▶ [WHAT TO DO] Because the images are not wanted, restate every line below word for word without them.

▶ [DATA]
--- --- ---

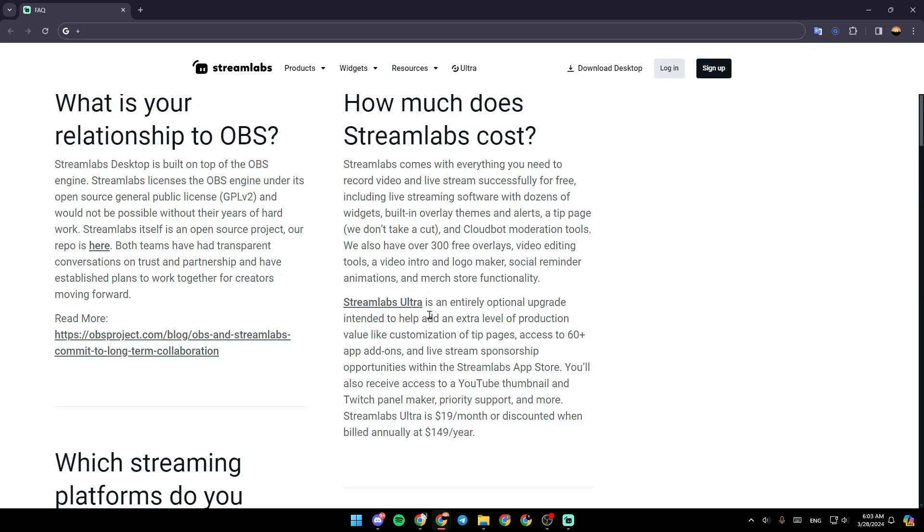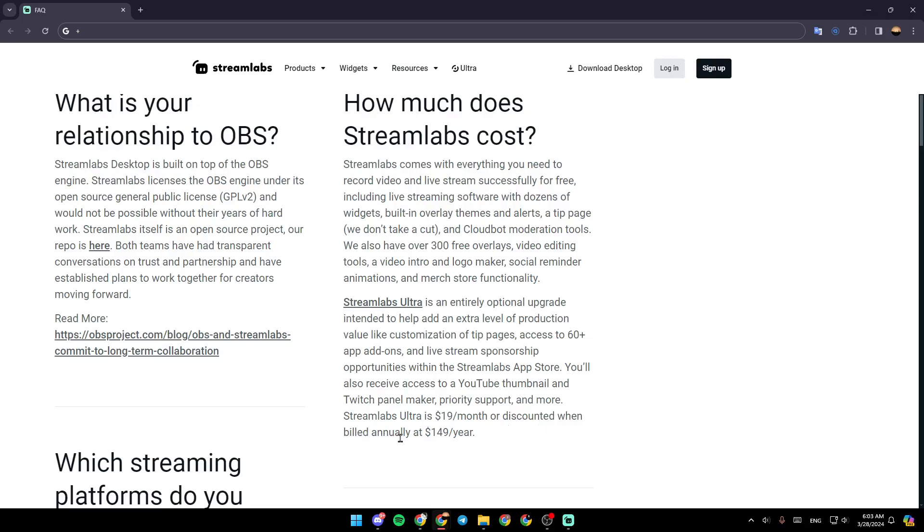Streamlabs Ultra is an entirely optional upgrade intended to help add an extra level of production value by customization of tip pages, access to 60 plus app add-ons, and live stream sponsorship opportunities within the Streamlabs app store. You'll also receive access to a YouTube thumbnail and a Twitch panel maker. Priority support and more. Streamlabs Ultra is $90 a month, or discounted when billed annually at $149 a year.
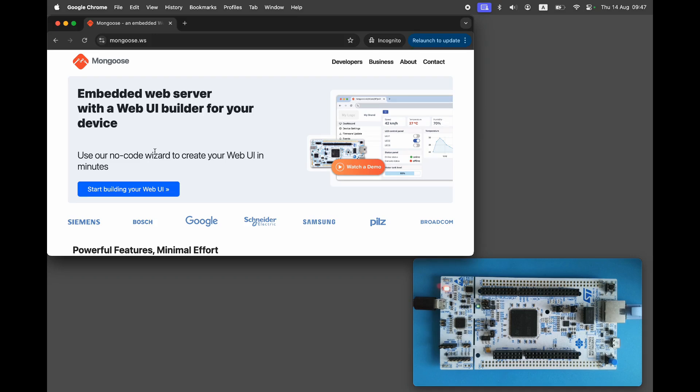Welcome to Mongoose channel. In previous videos we demonstrated how to use Mongoose Wizard to connect to MQTT server and implement remote device control and firmware updates. Today I'll show you how to enable TLS for MQTT connections.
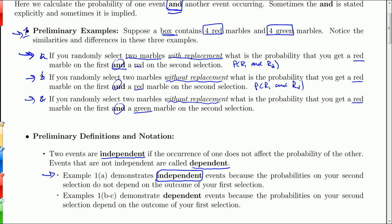In the other two examples, since I'm not replacing the marble, it does affect the probability of getting a red on the second. Whatever you get on the first will alter the probabilities of what you get on the second, so those are dependent events. The second one depends on what happens on the first draw.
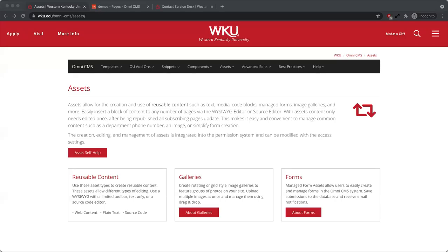Welcome to the Omni CMS video tutorial on Assets. Assets can be used to include the same content on multiple pages and edit from one location. Assets can also create specialized items such as image galleries or forms.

--- --- ---

▶ [RESULT OF THE TASK]
Streamlabs Ultra is an entirely optional upgrade intended to help add an extra level of production value by customization of tip pages, access to 60 plus app add-ons, and live stream sponsorship opportunities within the Streamlabs app store. You'll also receive access to a YouTube thumbnail and a Twitch panel maker. Priority support and more. Streamlabs Ultra is $90 a month, or discounted when billed annually at $149 a year.
Welcome to Mongoose channel. In previous videos we demonstrated how to use Mongoose Wizard to connect to MQTT server and implement remote device control and firmware updates. Today I'll show you how to enable TLS for MQTT connections.
In the other two examples, since I'm not replacing the marble, it does affect the probability of getting a red on the second. Whatever you get on the first will alter the probabilities of what you get on the second, so those are dependent events. The second one depends on what happens on the first draw.
Welcome to the Omni CMS video tutorial on Assets. Assets can be used to include the same content on multiple pages and edit from one location. Assets can also create specialized items such as image galleries or forms.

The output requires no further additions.